When you start learning to write unit tests and learn Test-Driven Development, you will hear all these wonderful things about tests. They will increase your code quality. They will change the way you write code for the better. By the end of the book, they’ve taught you 137 ways to write a unit test and absolutely nothing about changing the way you write code.
That catches up with you very quickly as you discover that most of the code you have in your current system is painful or impossible to write tests for. No one who teaches TDD also teaches you how to write code that is easy to test. And to add insult to injury, even if you are able to wrap a few tests around some gnarly ball of spaghetti, those tests may fail intermittently even when nothing is broken.
Test coverage is also difficult to achieve for poorly designed code, and both Gary Bernhardt and J.B. Rainsberger explain why.

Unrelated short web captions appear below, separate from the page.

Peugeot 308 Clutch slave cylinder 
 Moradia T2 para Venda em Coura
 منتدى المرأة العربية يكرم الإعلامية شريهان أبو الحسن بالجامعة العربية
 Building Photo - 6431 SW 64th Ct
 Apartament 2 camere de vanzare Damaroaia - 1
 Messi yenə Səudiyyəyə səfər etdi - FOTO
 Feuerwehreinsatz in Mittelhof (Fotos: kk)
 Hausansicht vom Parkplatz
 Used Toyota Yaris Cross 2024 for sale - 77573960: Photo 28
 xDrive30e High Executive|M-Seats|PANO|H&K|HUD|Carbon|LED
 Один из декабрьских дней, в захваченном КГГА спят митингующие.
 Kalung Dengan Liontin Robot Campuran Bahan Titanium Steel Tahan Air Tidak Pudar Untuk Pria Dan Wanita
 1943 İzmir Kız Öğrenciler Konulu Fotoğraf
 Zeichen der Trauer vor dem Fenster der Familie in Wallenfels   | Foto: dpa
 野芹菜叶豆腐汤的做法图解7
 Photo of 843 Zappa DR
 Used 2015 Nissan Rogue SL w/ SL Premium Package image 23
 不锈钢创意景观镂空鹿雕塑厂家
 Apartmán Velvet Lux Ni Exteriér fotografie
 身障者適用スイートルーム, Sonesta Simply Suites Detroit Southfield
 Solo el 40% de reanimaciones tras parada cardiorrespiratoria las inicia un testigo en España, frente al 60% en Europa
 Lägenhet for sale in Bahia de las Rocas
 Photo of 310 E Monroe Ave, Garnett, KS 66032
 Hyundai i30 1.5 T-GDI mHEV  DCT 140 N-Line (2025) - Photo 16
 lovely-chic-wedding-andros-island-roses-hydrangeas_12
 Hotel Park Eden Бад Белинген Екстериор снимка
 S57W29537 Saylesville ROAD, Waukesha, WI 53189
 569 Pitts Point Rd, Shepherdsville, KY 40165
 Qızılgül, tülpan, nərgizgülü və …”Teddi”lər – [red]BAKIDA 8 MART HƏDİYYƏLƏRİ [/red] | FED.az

If you have N-conditionals in your program, N-branches, N-decisions, you have 2^N paths. If you have 500 conditionals in your program this is a number with 150 digits in it. That’s too large a number. It’s too hard to decide which of those paths are worth testing.Gary Bernhardt, Boundaries [00:05:40]
The problem is not that you need this many tests. The problem is that you don’t have the first chance in hell of writing this many tests. So how many tests are you really gonna write? By my rough calculations you will write somewhere between 1% and 80% of the tests that you need. And you don’t have the faintest idea whether you are closer to 1% or 80%. That my friends is not good enough. We can do better.J.B. Rainsberger, Integrated Tests Are A Scam [00:21:20]
If you have to rely on a static analysis tool to know what your test coverage is you have already failed.
There are two major reasons that code is difficult to test: code that has dependencies and code that makes decisions.
When your code calls other code you have two choices for how to test is—each one is worse than the last. You can write an isolated test or an integrated test. In order to write the isolated test, you have to use a mocking framework to setup mock dependencies and stub out simulated return values. Even with DI, these tests are not fun to write. If you decide to write the integrated test it gets worse. The number of tests you have to write in order to achieve proper test coverage explodes. Integrated tests are often orders of magnitude slower and sometimes fail intermittently even when nothing is broken.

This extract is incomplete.